**What you have to do**:
Nothing is needed except the lines below that run from the one with "Test for aldehydes" through the one with "Halloween Hexenkatze Mechaniker", repeated exactly.

**Extracted data**:
- Opening Delimiter -

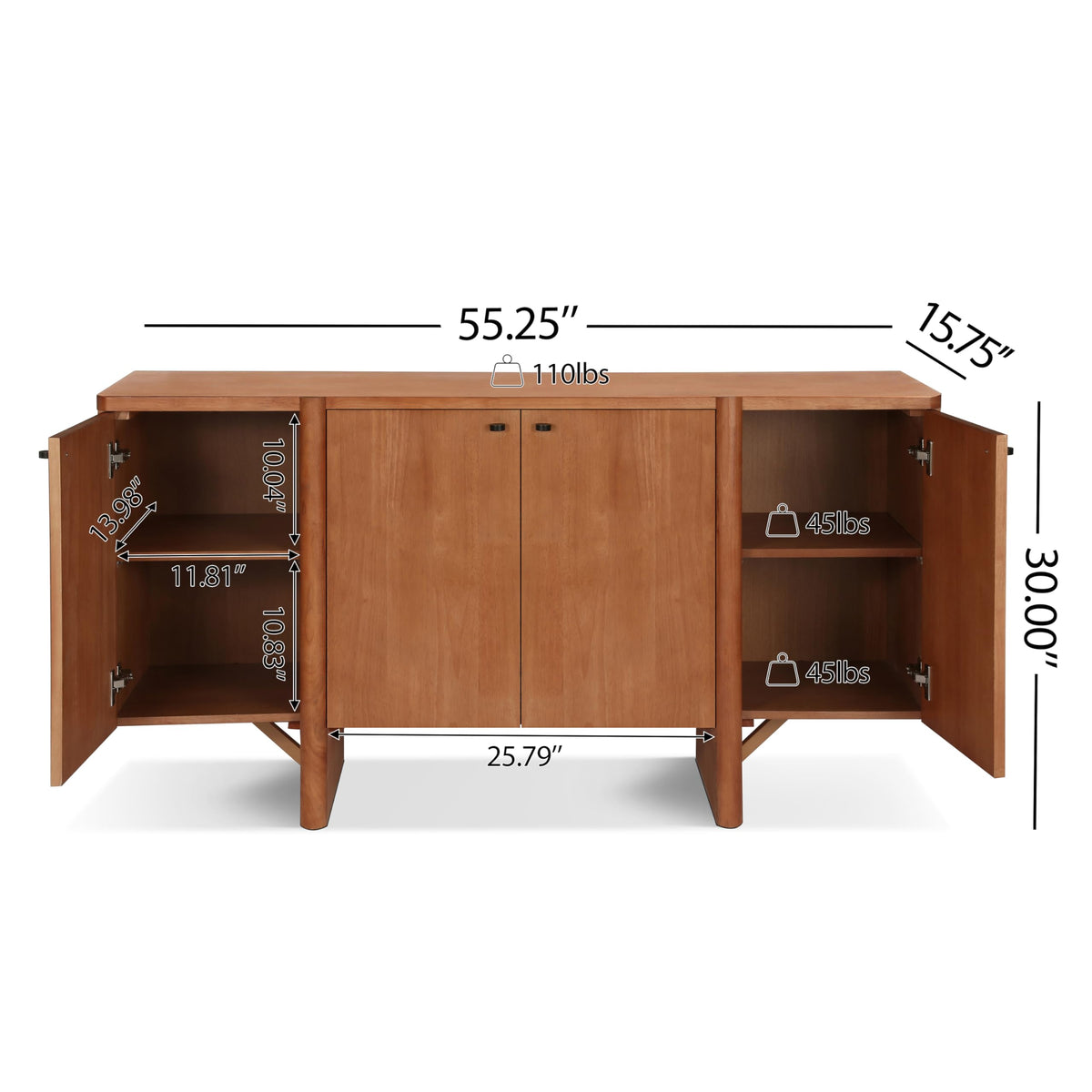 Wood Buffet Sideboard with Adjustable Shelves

- Closing Delimiter -
- Opening Delimiter -

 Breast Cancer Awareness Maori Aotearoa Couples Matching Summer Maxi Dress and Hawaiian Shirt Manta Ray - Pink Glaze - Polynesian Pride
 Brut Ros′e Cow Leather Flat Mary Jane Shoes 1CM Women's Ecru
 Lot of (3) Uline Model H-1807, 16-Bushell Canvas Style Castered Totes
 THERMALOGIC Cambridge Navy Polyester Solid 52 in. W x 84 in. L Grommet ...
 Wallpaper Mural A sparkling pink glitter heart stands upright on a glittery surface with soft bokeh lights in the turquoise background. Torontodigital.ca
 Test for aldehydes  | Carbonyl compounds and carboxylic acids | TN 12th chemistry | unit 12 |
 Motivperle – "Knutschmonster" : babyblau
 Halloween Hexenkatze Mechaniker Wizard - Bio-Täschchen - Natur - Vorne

- Closing Delimiter -

**Final answer**:
 Test for aldehydes  | Carbonyl compounds and carboxylic acids | TN 12th chemistry | unit 12 |
 Motivperle – "Knutschmonster" : babyblau
 Halloween Hexenkatze Mechaniker Wizard - Bio-Täschchen - Natur - Vorne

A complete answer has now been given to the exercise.